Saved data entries
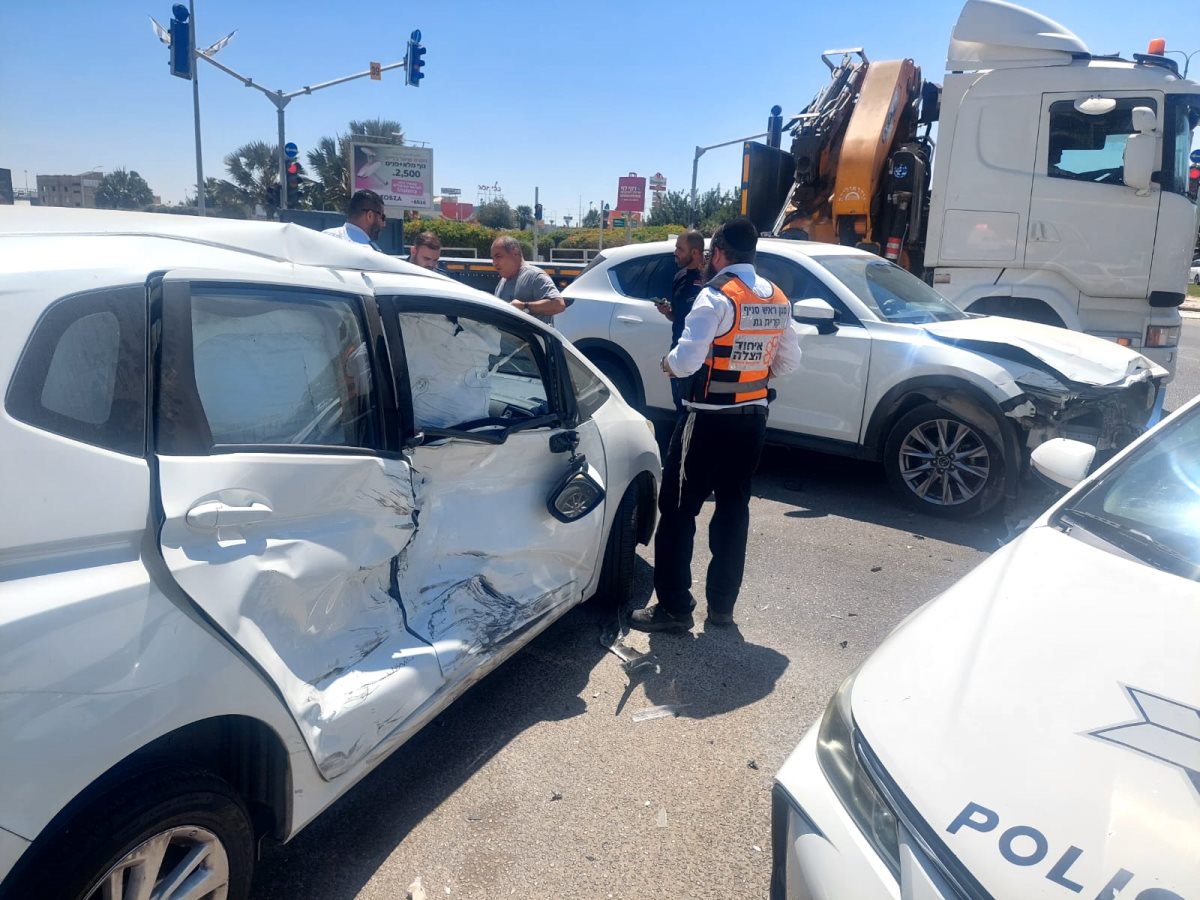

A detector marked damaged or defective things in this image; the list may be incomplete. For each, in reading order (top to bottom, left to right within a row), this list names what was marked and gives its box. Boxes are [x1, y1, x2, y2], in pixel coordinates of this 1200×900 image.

crushed car door [152, 270, 442, 776]
damaged white car [0, 206, 660, 900]
crushed car door [382, 296, 608, 684]
damaged white car [556, 239, 1168, 516]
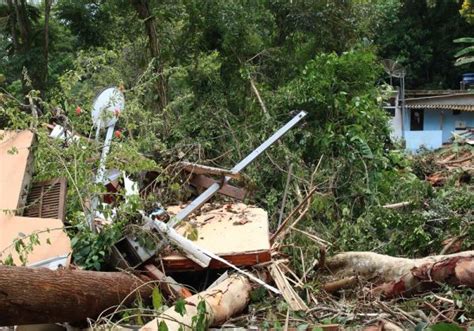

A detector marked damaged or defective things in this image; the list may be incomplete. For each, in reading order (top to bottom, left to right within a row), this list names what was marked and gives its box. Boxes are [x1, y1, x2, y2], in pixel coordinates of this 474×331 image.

broken wood board [0, 130, 35, 213]
broken wood board [0, 215, 71, 268]
broken wood board [161, 204, 270, 272]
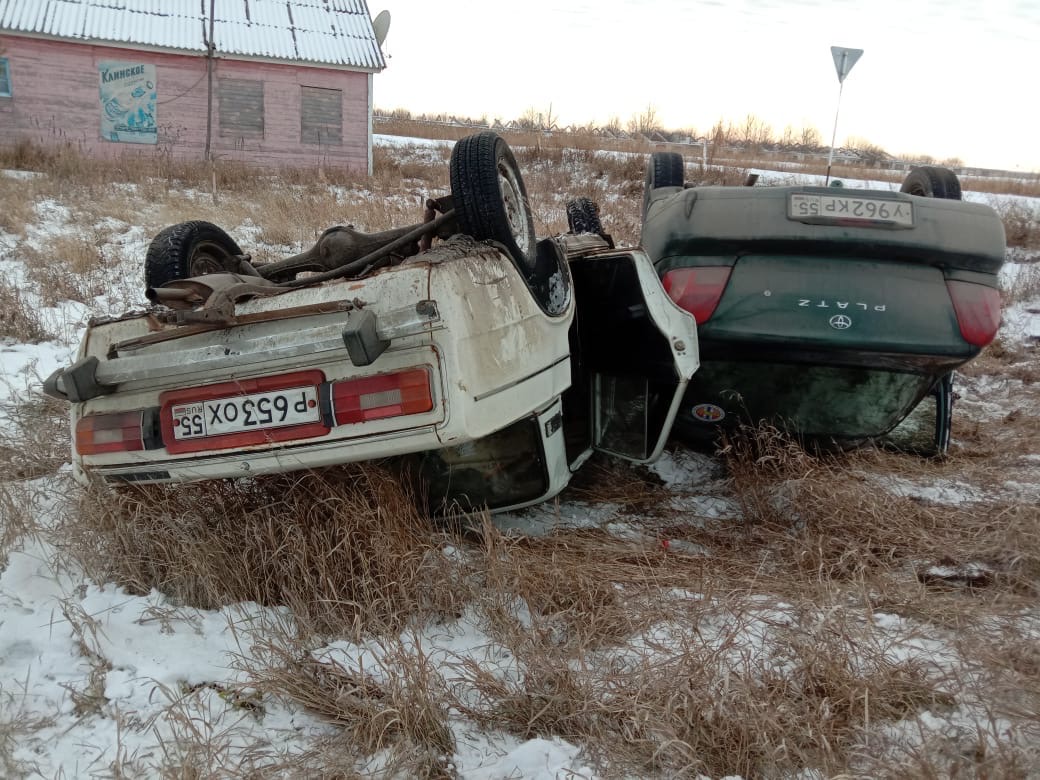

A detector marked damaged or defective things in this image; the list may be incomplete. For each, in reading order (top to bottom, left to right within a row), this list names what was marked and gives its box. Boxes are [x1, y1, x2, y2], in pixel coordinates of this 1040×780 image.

overturned white car [48, 133, 698, 513]
overturned green car [636, 157, 1002, 455]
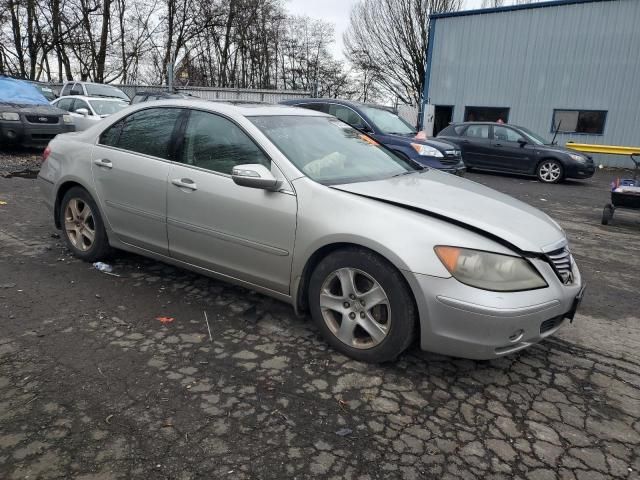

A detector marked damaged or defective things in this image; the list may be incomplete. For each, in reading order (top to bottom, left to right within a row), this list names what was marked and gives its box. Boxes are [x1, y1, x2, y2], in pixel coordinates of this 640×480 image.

cracked headlight [412, 142, 442, 158]
cracked headlight [432, 248, 548, 292]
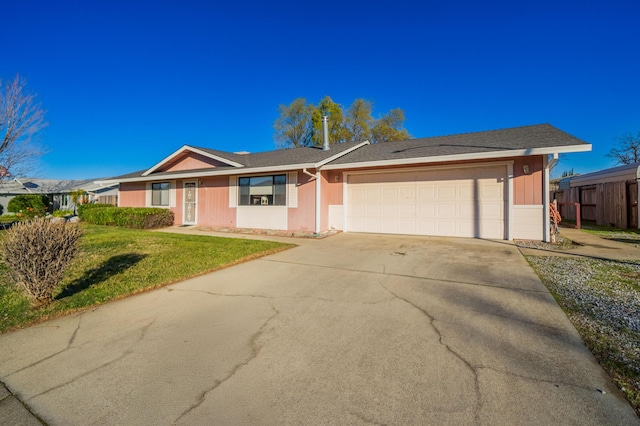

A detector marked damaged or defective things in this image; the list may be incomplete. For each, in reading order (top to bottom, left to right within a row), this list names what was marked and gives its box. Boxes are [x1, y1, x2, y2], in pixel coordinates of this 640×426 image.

crack in driveway [172, 302, 280, 422]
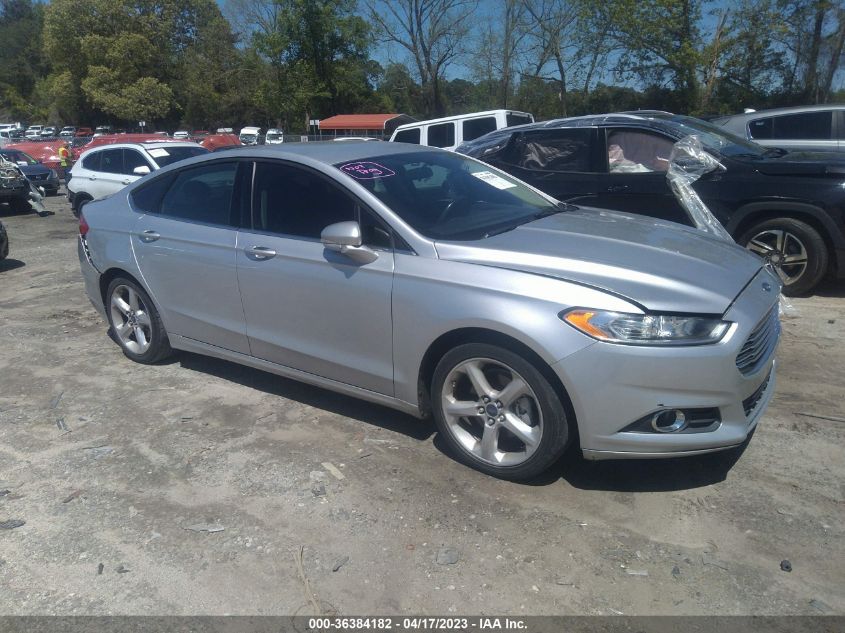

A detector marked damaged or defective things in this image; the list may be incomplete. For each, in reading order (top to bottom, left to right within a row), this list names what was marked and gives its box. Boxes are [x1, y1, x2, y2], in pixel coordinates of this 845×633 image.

damaged vehicle [77, 143, 780, 478]
damaged vehicle [458, 110, 844, 294]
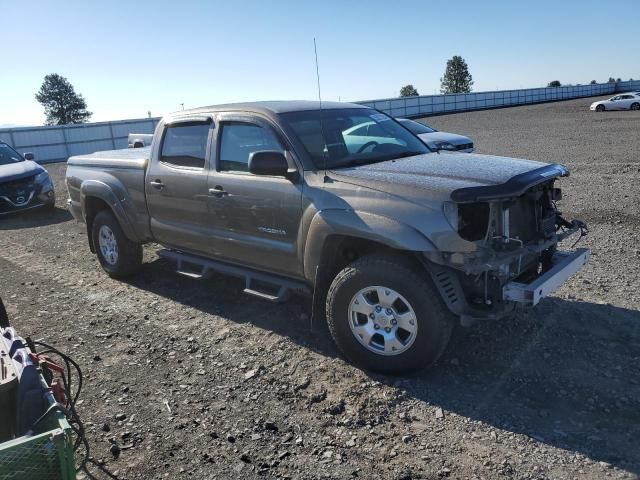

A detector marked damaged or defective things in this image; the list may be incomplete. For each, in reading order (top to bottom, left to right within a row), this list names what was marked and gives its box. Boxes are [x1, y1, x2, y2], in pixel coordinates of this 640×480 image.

missing headlight [460, 202, 490, 242]
damaged front end [424, 163, 592, 324]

_REQUIRED ACTION_
Starting with the line containing "this 640×426 image." and ending with the last line of the records above, write out each line exactly; no pictures.

_REPLY TO THE EXERCISE_
A detector marked damaged or defective things in this image; the list may be incomplete. For each, in reading order (top to bottom, left to right within a row), this list names what was marked and gives its box. Boxes are [x1, y1, x2, y2], in pixel coordinates of this 640×426 image.

crack in driveway [172, 302, 280, 422]

A detector marked damaged or defective things in this image; the list may be incomplete. For each, in reading order (top to bottom, left to right within a row), this list names what was marked and gives its box. Boxes are [x1, y1, x2, y2], in pixel coordinates of this 845×633 image.

damaged vehicle [77, 143, 780, 478]
damaged vehicle [458, 110, 844, 294]

A detector marked damaged or defective things in this image; the list may be incomplete. For each, in reading order (top to bottom, left to right within a row), this list names what was marked and gives its box. Boxes are [x1, y1, x2, y2], in pixel coordinates of this 640×480 image.

missing headlight [460, 202, 490, 242]
damaged front end [424, 163, 592, 324]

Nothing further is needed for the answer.